Photo courtesy of SA History Hub
With the establishment of Chinatown in the 1980s came traditional Chinese archways guarded by lions, pagoda style roofs and lanterns decorating a street lined with Chinese restaurants and grocery stores.
Central Market has an interesting history but that’s another story. This is about food. Meeting my two accomplices at the southern paifang (Chinese archway), we embarked on our journey of discovery. Join us as we wend our way along each aisle to ensure we miss nothing.
The House of Health offers bulk wholefood from grains, lentils, beans, rice, flours, nuts, seeds and dried fruit to Chia, Cacao and Hemp Seeds.
For authentic Latvian and Baltic foods using traditional recipes, the Latvian Lunchroom has a quirky cosiness.
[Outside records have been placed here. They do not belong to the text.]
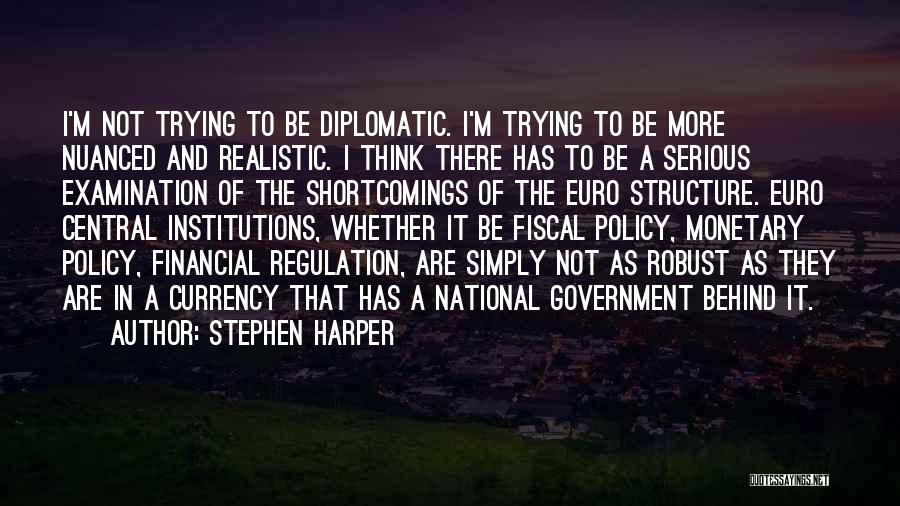 Fiscal And Monetary Policy Quotes By Stephen Harper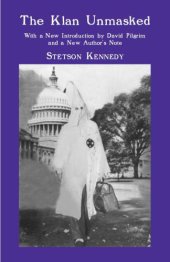 book The Klan Unmasked: With a New Introduction by David Pilgrim and a New Author's Note: 1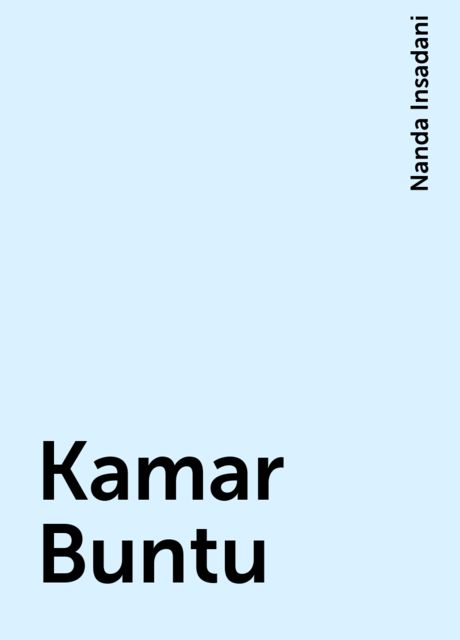 Kamar Buntu, Nanda Insadani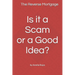 The Reverse Mortgage Scam or Good Idea?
The wall opposite presents part of an exhibition entitled, ‘The Market Through Our Eyes’, by Little Picassos Art Studios. 400 artworks fill the walls throughout the market for four weeks, capturing the spirit of Adelaide Central Market through children’s eyes.
A wide selection of nuts, dried fruits and confectionery waited at The Carousel Nut Bar
and Michael’s fruit & veg…well, it speaks for itself.
Something Wild is Australia’s first indigenous native greens, native game and meat wholesaler.
They have collaborated with Adelaide Hills Distillery to produce the unique Green Ant Gin.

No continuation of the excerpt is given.